Si è pensato a quel punto che il rapimento di Emanuela potesse essere collegato allo scandalo Ior, che una delle associazioni criminali che aveva versato i soldi in banca e li aveva visti sparire si fosse vendicato e avesse utilizzato la quindicenne come strumento di estorsione ai danni di alcuni esponenti del Vaticano. Si è pensato che Marcinkus stesso fosse coinvolto, così come fosse coinvolto nell’omicidio Calvi, ucciso secondo alcune ipotesi su commissione dell’Arcivescovo dopo il fallimento della banca. Ma anche questa pista si è rivelata un buco nell’acqua.
La Pista Banda della Magliana
Ad inizio anni ’90, un testimone anonimo ha chiamato in diretta a Chi l’ha Visto? ed ha detto che per trovare una soluzione al caso bisognava andare a controllare chi era stato seppellito nel cimitero di Sant’Apollinare e di investigare sul favore che “Renatino” (membro della banda della Magliana) fece al Cardinal Poletti. Su quelle dichiarazioni è stata aperta un’altra indagine che coinvolgeva appunto il cardinale, un giro di prostituzione minorile, la pedofilia di alcuni espondenti della Chiesa e il rapporto di questi con Renatino.
E’ stato ipotizzato che Emanuela fosse stata rapita allo scopo di essere la vittima degli impulsi sessuali dei partecipanti all’incontro. Durante l’evento qualcuno avrebbe esagerato e Emanuela sarebbe stata uccisa, quindi Poletti avrebbe chiesto a al membro della banda della Magliana di liberarsi del corpo. Tale tesi era supportata dal fatto che il corpo di “Renatino” è stato trovato sepolto proprio nel cimitero della Basilica di Sant’Apollinare. Tuttavia anche in questo caso non sono state trovare delle prove.
Caso Emanuela Orlandi, l’appello di Pietro a Papa Francesco: “Dì la verità”
L’ultima pista seguita dalla polizia è stata quella riguardante il cimitero Teutonico che si trova all’interno del Vaticano, le ossa disseppellite, però, non appartenevano alla ragazza scomparsa. A distanza di 39 anni, insomma, non è stato fatto un vero e proprio progresso nelle indagini sulla scomparsa di Emanuela. Ciò nonostante il fratello Pietro non si dà per vinto e continua a cercare la verità. Oggi è convinto che se il destino della sorella rimane sconosciuto è perché ci sono stati tanti depistaggi e perché il Vaticano non vuole che si sappia la verità.

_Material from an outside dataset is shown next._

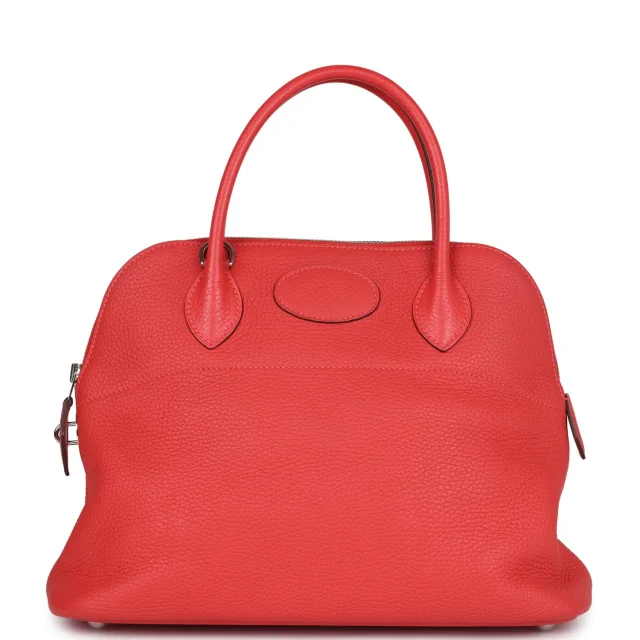 Hermès Bolide 31 Rouge Pivoine Clemence Palladium Hardware in Red Clemence leather from Madison Avenue Couture, photo 4 of 9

In un’intervista rilasciata a ‘Diva e Donna’, l’uomo spiega: “Il suo rapimento è stato organizzato prima per uno scopo preciso, che purtroppo non sappiamo. Sono convinto che in Vaticano ci sia ancora qualcuno che ha avuto responsabilità nella vicenda. Se il Vaticano, da 39 anni, cerca di occultare la verità sulla scomparsa di mia sorella è perché è successo qualcosa che pesa sulla Chiesa in modo catastrofico”.
Per quanto riguarda il coinvolgimento di De Pedis, Pietro è convinto che se ha avuto un ruolo è stato quello di manovale, ovvero ha fatto un favore a qualcuno all’interno del Vaticano. L’uomo è convinto anche che tutti i pontefici che ci sono stati in questi anni sappiano la verità e non possano parlare, per questo rivolge un appello a Papa Francesco: “Sono sicuro che lui sia a conoscenza di come sono andate le cose, proprio come Ratzinger e Wojtyla. Ed è arrivato il momento che parli”.